I haven't posted these last few days because I've been too busy working the Comments to my A Funny Thing post. The first comment took me totally by surprise, coming out of left field to accuse me of "stealing music" and thus setting a bad example for my son. Much back and forth merriment ensued, with an old friend stepping up to the plate in my defense.
An unrelated comment (unrelated to the Comment discussion, but related to the original post) led to my opining on filmmaker Wim Wenders' Until the End of the World, a flawed but intriguing film that somehow generated one of the greatest soundtrack albums in the history of film. If you haven't heard this soundtrack, I urge you to sniff out a copy.
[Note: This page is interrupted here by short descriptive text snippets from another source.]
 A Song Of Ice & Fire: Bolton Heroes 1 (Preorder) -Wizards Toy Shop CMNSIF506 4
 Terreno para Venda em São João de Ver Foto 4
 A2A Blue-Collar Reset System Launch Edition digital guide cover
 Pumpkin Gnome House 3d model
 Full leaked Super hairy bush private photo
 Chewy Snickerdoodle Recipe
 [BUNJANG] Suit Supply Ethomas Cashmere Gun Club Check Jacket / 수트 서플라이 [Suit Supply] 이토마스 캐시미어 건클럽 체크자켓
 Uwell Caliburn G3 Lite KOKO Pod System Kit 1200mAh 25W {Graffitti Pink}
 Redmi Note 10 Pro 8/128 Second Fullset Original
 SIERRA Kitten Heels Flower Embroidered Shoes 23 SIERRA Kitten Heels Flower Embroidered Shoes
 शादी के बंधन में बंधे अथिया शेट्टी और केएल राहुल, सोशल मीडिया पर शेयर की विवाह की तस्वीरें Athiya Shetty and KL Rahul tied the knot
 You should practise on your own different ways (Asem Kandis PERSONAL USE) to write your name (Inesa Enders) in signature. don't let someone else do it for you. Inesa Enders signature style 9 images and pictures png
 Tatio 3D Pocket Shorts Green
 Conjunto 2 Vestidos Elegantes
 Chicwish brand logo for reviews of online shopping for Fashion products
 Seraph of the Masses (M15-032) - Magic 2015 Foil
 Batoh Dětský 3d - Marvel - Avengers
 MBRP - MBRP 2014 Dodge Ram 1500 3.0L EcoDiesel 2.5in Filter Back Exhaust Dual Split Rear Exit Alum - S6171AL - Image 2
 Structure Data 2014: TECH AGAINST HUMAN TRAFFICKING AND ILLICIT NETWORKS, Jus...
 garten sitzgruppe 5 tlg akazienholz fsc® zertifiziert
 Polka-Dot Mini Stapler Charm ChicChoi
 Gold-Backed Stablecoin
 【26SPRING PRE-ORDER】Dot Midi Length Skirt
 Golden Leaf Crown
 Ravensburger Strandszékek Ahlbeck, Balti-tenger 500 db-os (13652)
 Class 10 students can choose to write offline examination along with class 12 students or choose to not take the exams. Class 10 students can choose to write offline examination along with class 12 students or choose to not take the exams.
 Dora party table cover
Take a look at these Amazon reviews if you don't believe me.
Go ahead, check 'em out. I'll wait until you get back.
Wow, that's a very moving set of Amazon reviews, isn't it? They really reveal the deep, deep reservoir of love and loyalty to this album. Count me among its devotees.
This haunting collection has been in heavy rotation in my life on and off since it came out. Until the End of the World doesn't quite come together as a film, in my opinion (apparently it was heavily butchered by the studio before release, and a redeeming five-hour cut may one day be released), but Wenders' tremendous gift for illuminating love and human connections in the midst of isolation and despair permeates this extraordinary album. The consistency of tone is extremely Wenders-like, despite the amazing diversity of artists contained within.
The Amazon reviews do a fine job covering specific tracks by the likes of U2, Talking Heads, Jane Siberry, Daniel Lanois, R.E.M., Elvis Costello, Lou Reed, and many others; suffice it to say that all these talented artists seem to have been magically inspired to produce at a special meta-level for this soundtrack. Wenders asked the artists (in 1991) to produce the music they thought they would be making in 1999, the year in which the film is set. The result has the feeling of a dispatch both from and for the future.
Wenders cemented his genius as a filmmaker with Wings of Desire, but it is with the Until the End of the World soundtrack that his vision finds its perfect aural complement.